Last year we went to the Winnebago factory in Forest City, Iowa and had the seals replaced on both of our slide rooms because we had a bad leak at the front of the living room slide. That solved the problem until all of the rain this week, and now the darned leak is back again! 🙁
Yesterday we drove 90 miles to Allegan, Michigan to pick up the new issue of the Gypsy Journal from the printer. It rained all of the way up, and we bucked a headwind every mile. Of course, by the time we got turned around and were headed back to Elkhart Campground, the wind had changed direction and was hitting us broadside.

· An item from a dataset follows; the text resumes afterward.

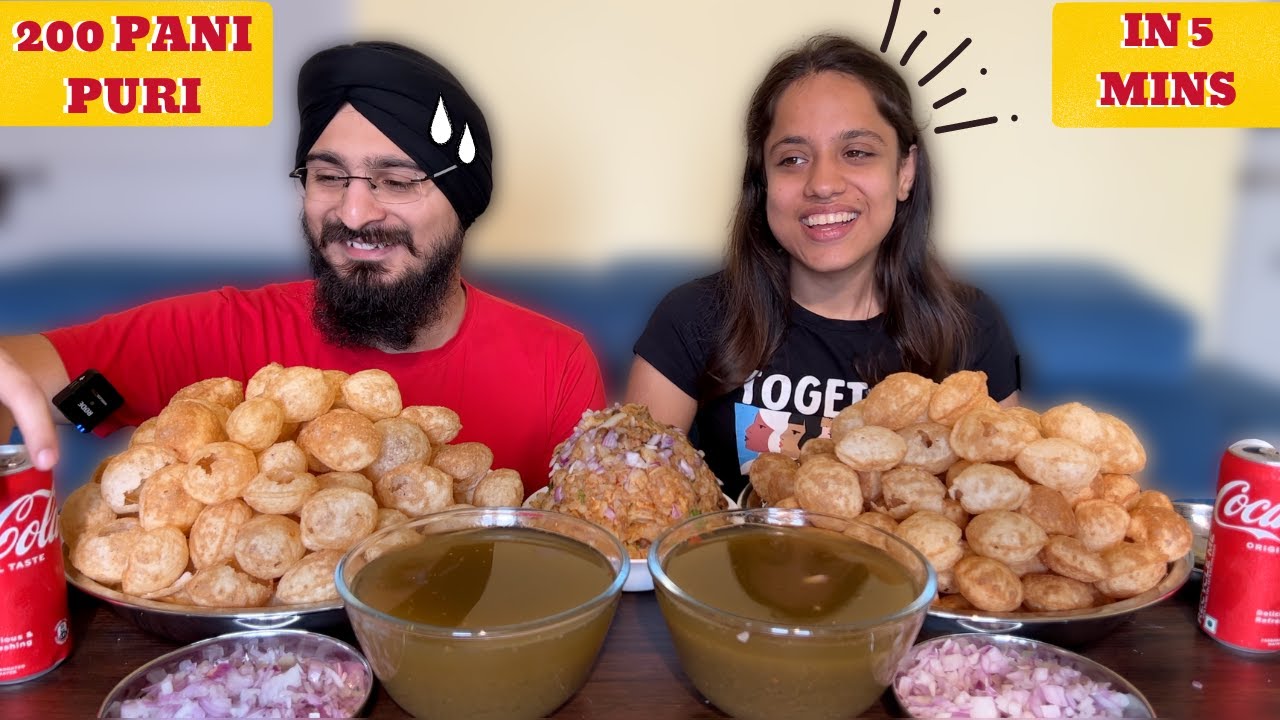 Golgappa Eating Challenge - 200 Pani Puri in 5 Minutes! | ASMR 😍 | So Saute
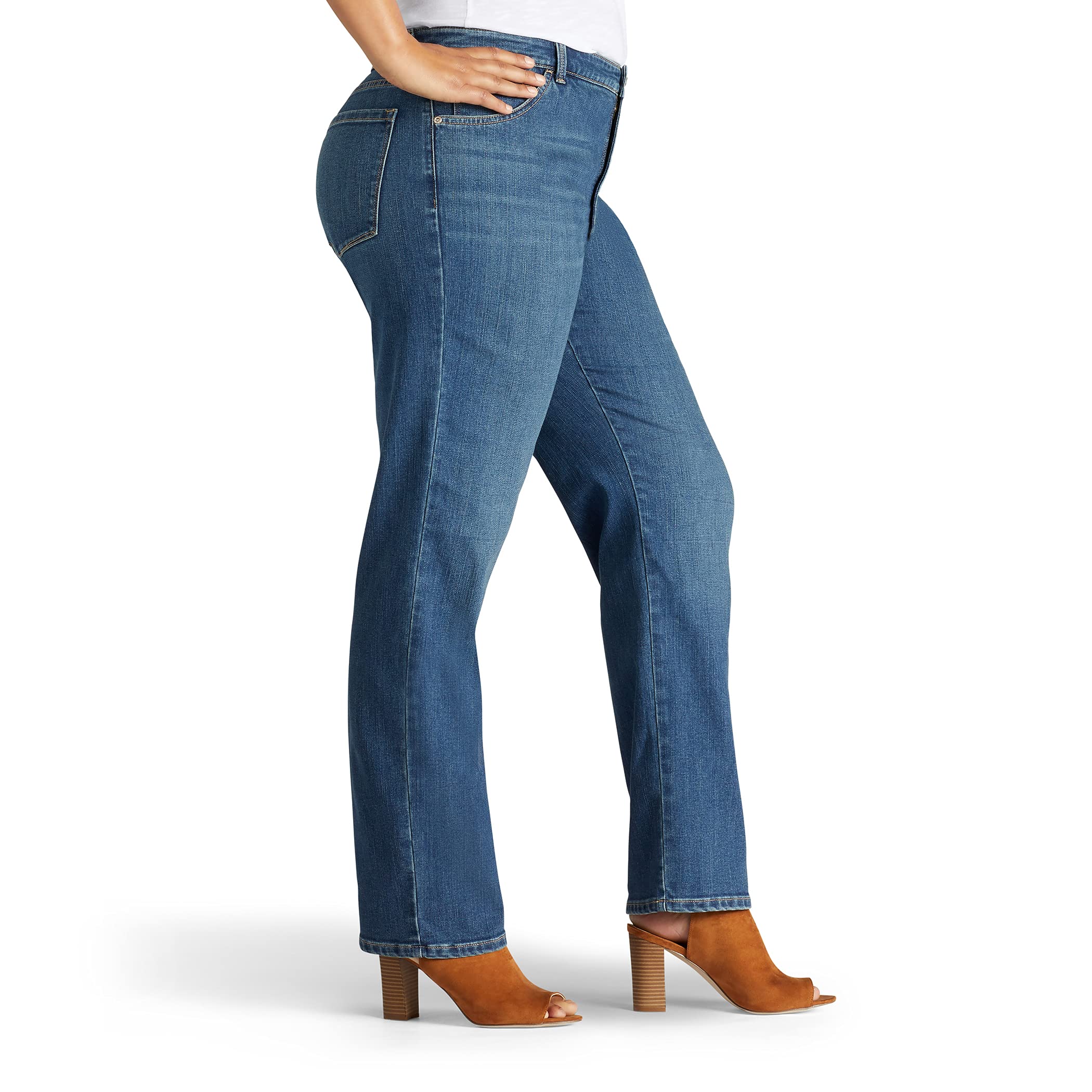 Lee Women's Plus Size Instantly Slims Classic Relaxed Fit Monroe Straight Leg Jean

On the way back, we stopped at Phoenix Commercial Paint to say hello to our friend Michele Henry, and admired the custom full body paint job she had just finished putting on a Lazy Daze Class C motorhome. I think Michele said it was a 1999 model, but you couldn’t tell it from a new unit that just rolled out of the factory. Actually, yes you could, this one looked better!
This morning we plan to be lazy and catch up on some of the sleep we lost the last few days while working on the paper. And then it will be time to start tackling the mailing. I’ll get the new digital edition sent out to our subscribers, and Miss Terry will start stuffing envelopes for our different classes of snail mail subscribers.
It will take us a few days to get that all done, and then we plan to begin our winter travels. So you folks in Florida had better stock up on bailing buckets, sump pumps, and sponges, because Nick’s on his way, and he’s bringing his webbed feet with him!
Thought For The Day – If at first you don’t succeed, do it the way your wife told you to the first place.